A kind of fish, less than an oyster, that sticks close to the rocks. – Ainsworth.

CUN'NING, a. [Sax. cunnan, connan; Goth. kunnan, to know: Sw. kunna, to be able, to know; kunnig, known; also, knowing, skillful, cunning; D. kunnen, can, to be able, to hold, contain, understand, or know; G. können. See Can.]
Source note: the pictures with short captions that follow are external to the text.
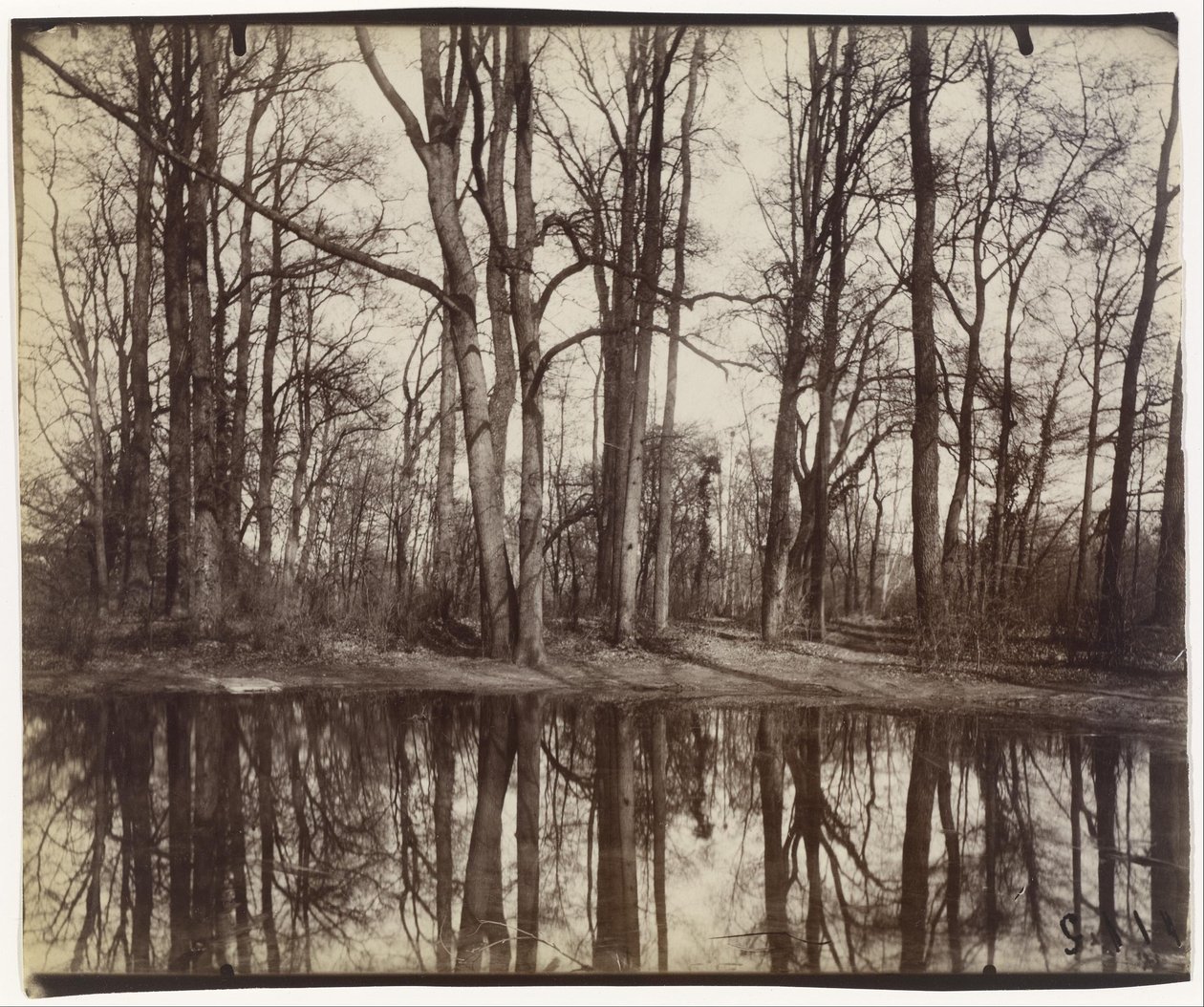 Saint-Cloud, tuinen van het kasteel van Philippe, hertog van Orléans door Eugène Atget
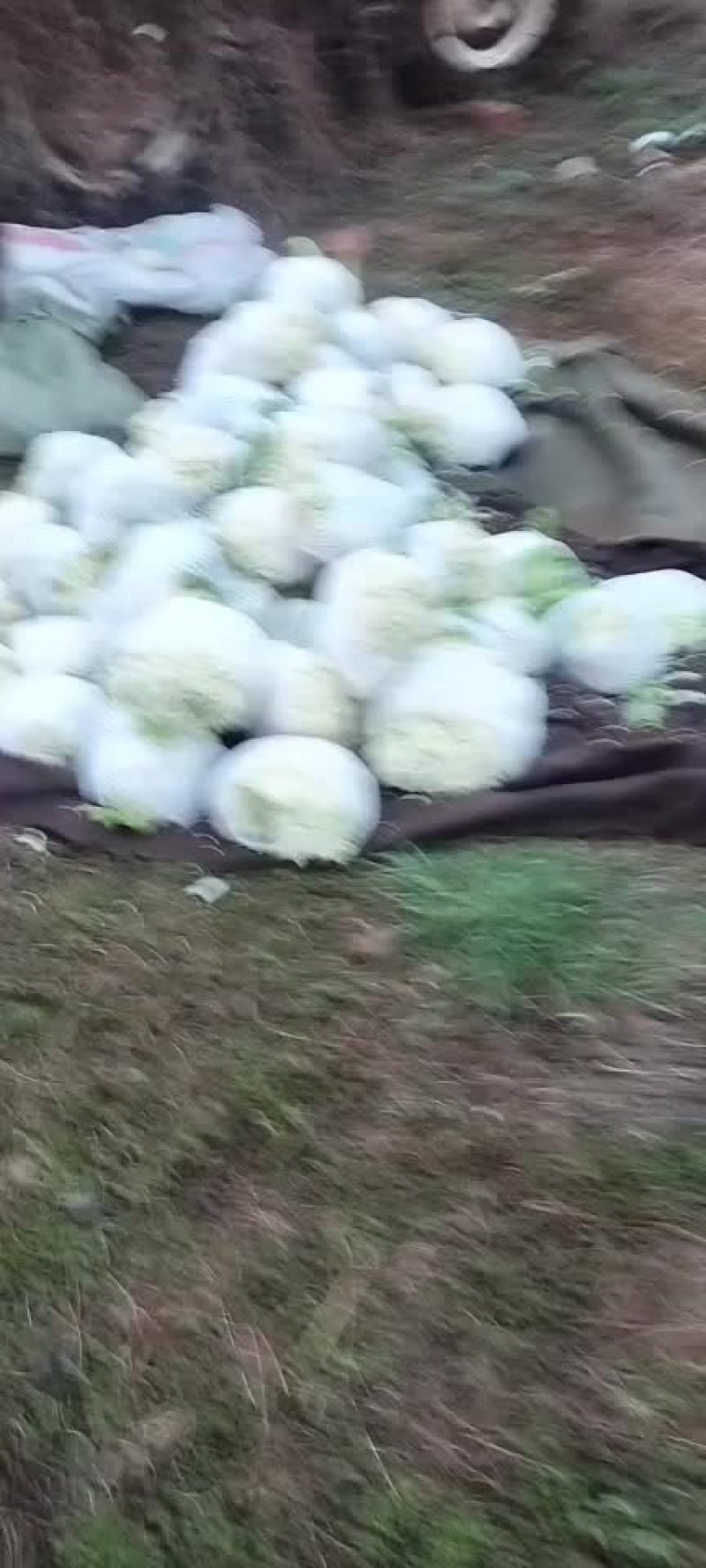 好货歪货都有看质量说价格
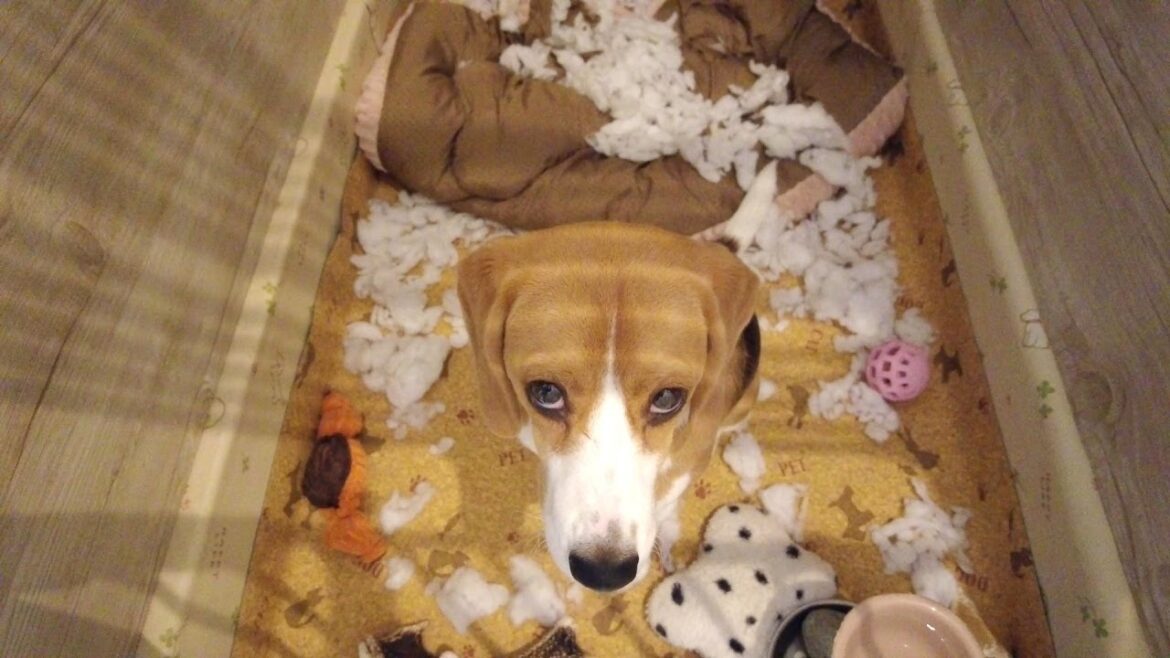 気ままなビーグル犬と1年間を共に暮らすとほんとに沢山の思い出が出来ます笑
  1. Knowing; skillful; experienced; well-instructed. It is applied to all kinds of knowledge, but generally and appropriately, to the skill and dexterity of artificers, or the knowledge acquired by experience. Esau was a cunning hunter. – Gen. xxiii. I will take away the cunning artificer. – Is. iii. A cunning workman. – Ex. xxxviii.
  2. Wrought with skill; curious; ingenious. With cherubs of cunning work shalt thou make them. – Ex. xxvi. [The foregoing senses occur frequently in our version of the Scriptures, but are nearly or quite obsolete.]
  3. Artful; shrewd; sly; crafty; astute; designing; as, a cunning fellow. They are resolved to be cunning; let others run the hazard of being sincere. – South. In this sense, the purpose or final end of the person may not be illaudable; but cunning implies the use of artifice to accomplish the purpose, rather than open, candid, or direct means. Hence,
  4. Deceitful; trickish; employing stratagems for a bad purpose.
  5. Assumed with subtilty; artful. Accounting his integrity to be but a cunning face of falsehood. – Sidney.

CUN'NING, n.

  1. Knowledge; art; skill; dexterity. [Obs.]. Let my right hand forget her cunning. – Ps. cxxxvii.
  2. Art; artifice; artfulness; craft; shrewdness; the faculty or act of using stratagem to accomplish a purpose. Hence, in a bad sense, deceitfulness or deceit; fraudulent skill or dexterity. – Locke. Discourage cunning in a child; cunning is the ape of reason.